As geopolitical and financial volatility builds in Eastern Europe, banking analysts at Keefe, Bruyette & Woods warned this week that Citigroup’s (C) exposure to emerging markets creates a near-term headwind.
While Citi’s exposure to individual countries like Ukraine is minimal, KBW said the banking conglomerate’s combined exposure to emerging markets is “increasing meaningfully” and any contagion to Poland or Russia would be “meaningful.”
“There has been an uptick in volatility in emerging markets and we expect this to weigh on shares of Citigroup on a relative basis given the company’s EM exposure,” KBW analyst Frederick Cannon wrote in a note to clients on Monday.
The comments come as Ukraine has been thrust into the geopolitical spotlight in recent weeks following the ouster of Ukraine’s pro-Russian President Viktor Yanukovych and the decision by Russia’s Vladimir Putin to invade the strategic peninsula of Crimea.

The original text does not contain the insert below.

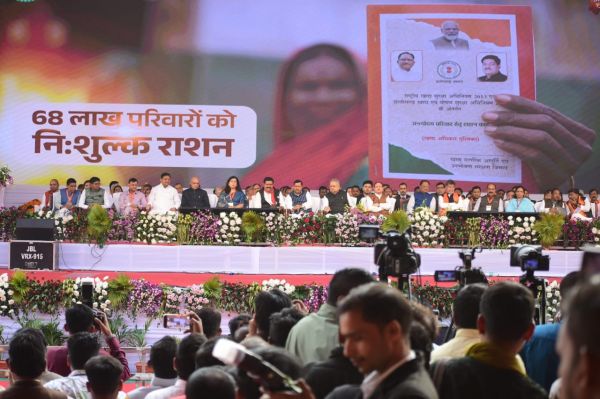 साइंस कॉलेज मैदान में आयोजित जनादेश परब कार्यक्रम शुरू । मंच पर राष्ट्रीय अध्यक्ष जेपी नड्ढा, सीएम विष्णु देव साय, स्पीकर रमन सिंह सभी मंत्री मंच पर मौजूद रहे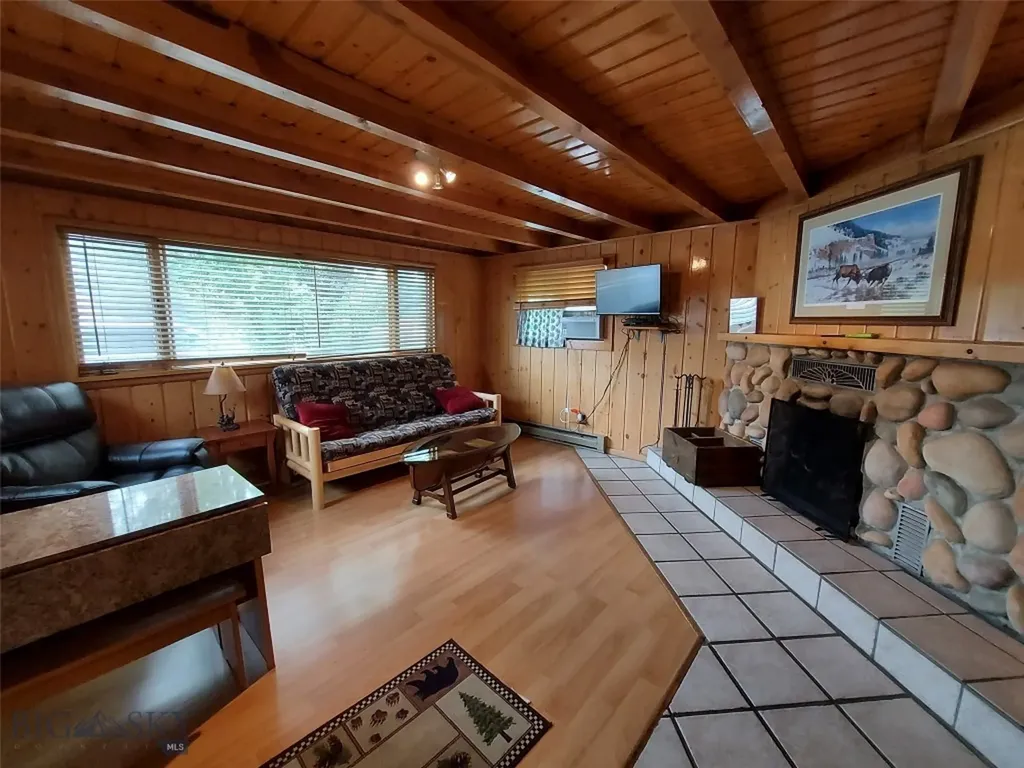 601 Highway Avenue West Yellowstone MT 59758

In response to the recent tensions and the threat of sanctions from the West, Russia’s stock market tumbled as much as 13% on Monday, wiping out nearly $60 billion in market cap before mounting a rebound on Tuesday. Russia’s currency also tumbled to record lows, prompting the country’s central bank to sharply hike interest rates.
Earlier this week, Citi disclosed $130 million of net investments in Ukraine, where the bank acknowledged “political changes, civil unrest and military action” have contributed to “significant economic uncertainty and volatility.” Citi said substantially all of that investment is hedged, but also listed total third-party assets of about $600 million at a Ukrainian subsidiary.
KBW characterized Citi’s exposure to Ukraine as “modest” compared with exposure to other emerging markets.
“Citi continues to closely monitor the political, economic and military situation in Ukraine, and will continue to take actions to mitigate its exposures to potential risk events,” the bank said in a filing on Monday.
KBW said it believes the “greater risk” to Citi is contagion to Poland, the bank’s largest exposure in Eastern Europe.
Likewise, Citi disclosed $10.3 billion of select assets in Russia at the end of 2013, excluding cash and other assets. KBW said that means Citi’s exposure of total assets is “likely higher” than $10.3 billion, but noted details for the company’s ZAO Citibank subsidiary were not available.
KBW said that while a Russian default like in 1998 is not likely, such an event would cause “material” potential losses for Citi. Economic sanctions could also cause elevated credit losses, lower revenue or even a loss of Citi’s banking license, the firm said.
“Even without contagion, increased EM volatility creates an overhang on shares of Citigroup that will likely remain for the near-term,” Cannon wrote.
Shares of New York-based Citi rallied 1.93% to $48.53 Tuesday morning, trimming their 2014 losses to 6.8%. The gains come as U.S. and global markets bounce back amid easing tensions between Russia and Ukraine.
Earlier this year, investors focused on Citi’s exposure to Argentina, which was taking the brunt of emerging market turmoil. Citi listed $4.2 billion of assets and $749 million in equity in its Argentine subsidiary as of the third quarter of 2013.
Citi recently revealed $400 million of fraud at a Mexican subsidiary and also said it received subpoenas from U.S. authorities probing the bank’s anti-money laundering controls.